The law brings about changes in society and societal changes then require new interpretations to existing law. Last year’s $131 million dollar judgment in the Wonder Bread case or the $192.5 million dollar settlement in the Coke class action would never have occurred when the Dred Scott or Plessey v. Ferguson decisions were the law of the land. The cases would never have even been filed. “Glass ceiling” actions had no place in a world where entrance to professions was barred at the front door. Courts never had to address the issue of whether union dues could be deducted from non-members’ pay checks back when government-sanctioned goon squads were assaulting and murdering union organizers.

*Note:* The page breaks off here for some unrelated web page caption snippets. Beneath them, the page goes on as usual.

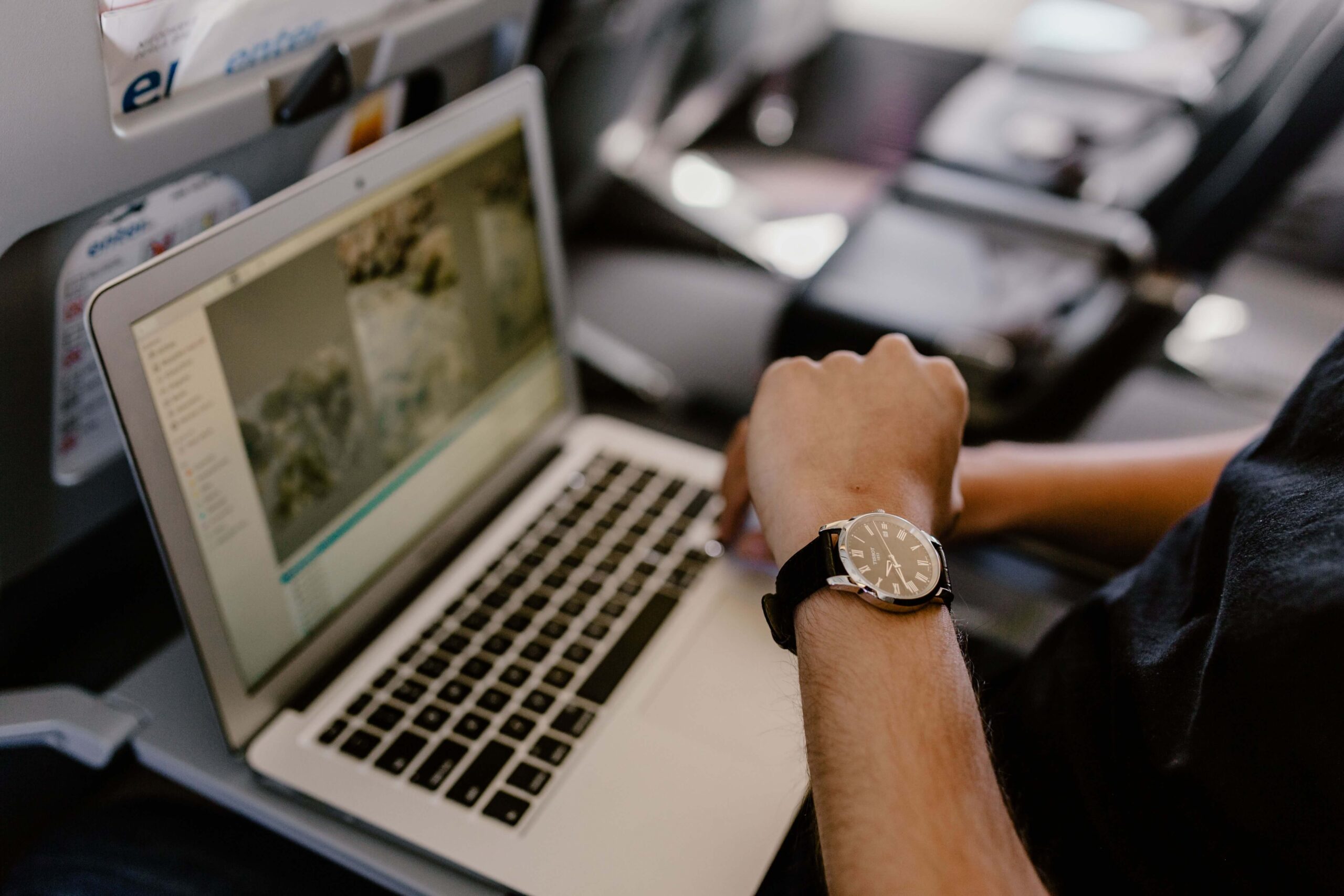 man with notebook sitting inside an airplane looking at watch - 401k rules vesting and testing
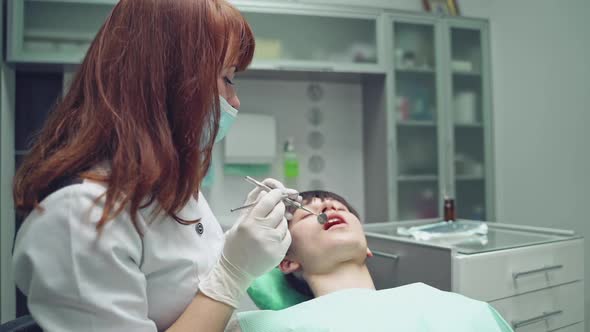 Female dentist working in her dentist office. Dental clinic. Reception, examination of the patient. alt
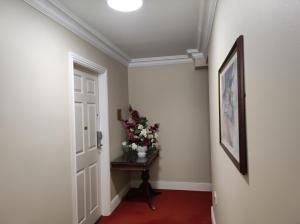 un corridoio con un vaso di fiori su un tavolo di Aran View Country House a Doolin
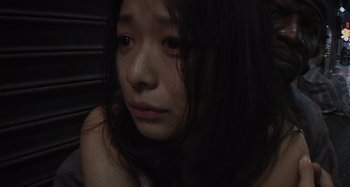 Movie still from “Inland Empire” (2006), directed by David Lynch – A woman with long dark brown hair sitting down; Close Up shot, Low angle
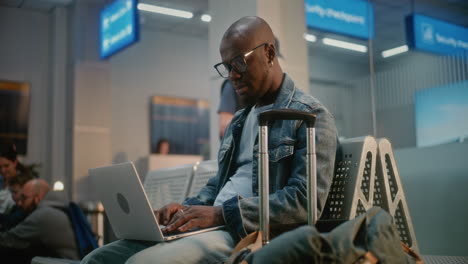 hombre trabajando en una computadora portátil en la sala de espera del aeropuerto
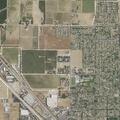 Man chasing woman in field near Kingsburg apartments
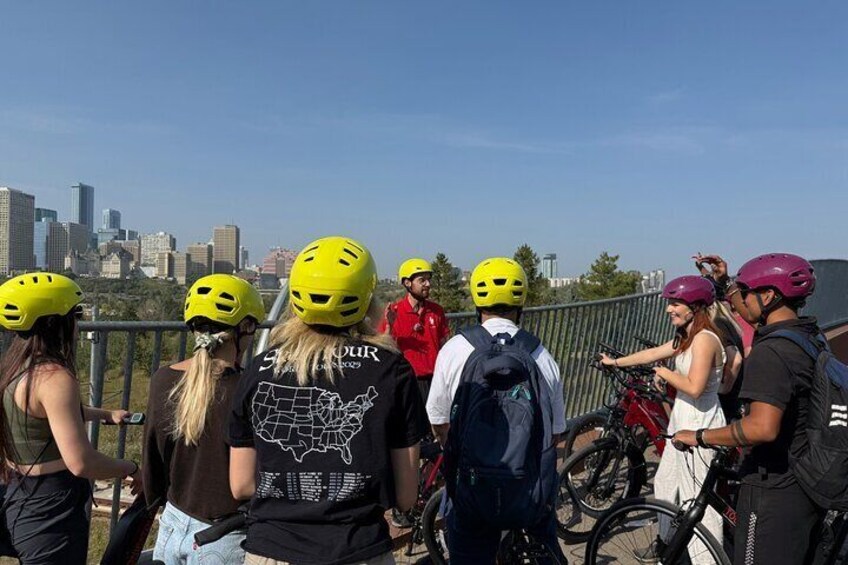 A group of people wearing helmets, standing on a bridge with a city skyline in the background. 5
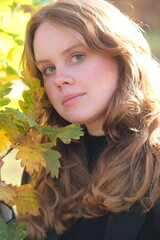 Portrait of a young woman in sunny autumn park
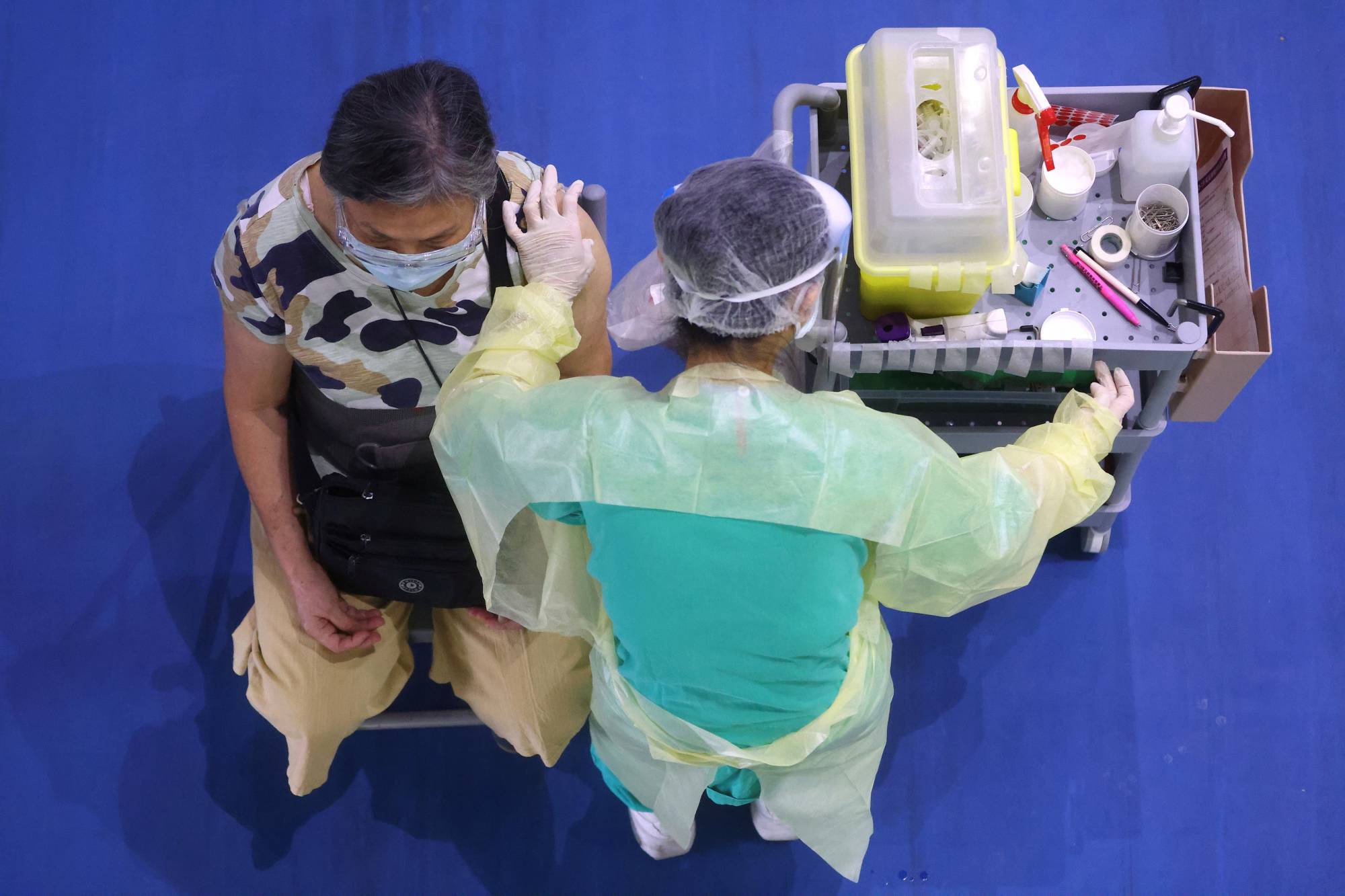 A medical worker administers a dose of the AstraZeneca COVID-19 vaccine to a woman during a vaccination session for people over 75 years old, at a stadium in New Taipei City, Taiwan, on June 25. | Reuters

Employment law changes are also brought about by technological or societal developments not related to legal issues. ERISA or Social Security litigation would have had little use back in 1900 when the average life expectancy was 49.2 years. Now, with 35% of the population surviving past their 85th birthdays, retirement issues are very important. The EEOC’s December 14th ruling that employers must cover birth-control pills and other prescription contraceptive drugs in their health insurance plans, which is expected to result in a lot of litigation, would have been immaterial 40 years ago when these items didn’t exist. The Microsoft “permatemp” stock option suit, whose $97 million settlement should be finalized this month, only came about due to the growth in both use of temporary employees by companies and the growth, from one to 10 million over the past decade, in the number of employees who receive stock options as part of their compensation package.
I don’t personally know anyone that is satisfied with the current state of employment law. The issues continue to grow in complexity – OSHA’s recent ergonomics rule alone ran over 600 pages in the Federal Register – and there are too many frivolous lawsuits being brought. On the other side of the issue, there are still blatant, uncorrected injustices not being addressed by our legal system.
Nevertheless, I would say that what we have now is far better than where we stood a century ago. I know that I wouldn’t have been able to be president of a successful, national company at that time, and I enjoy what I am doing. I hope you also enjoy the progress we have made in this area and continue to work for improvement.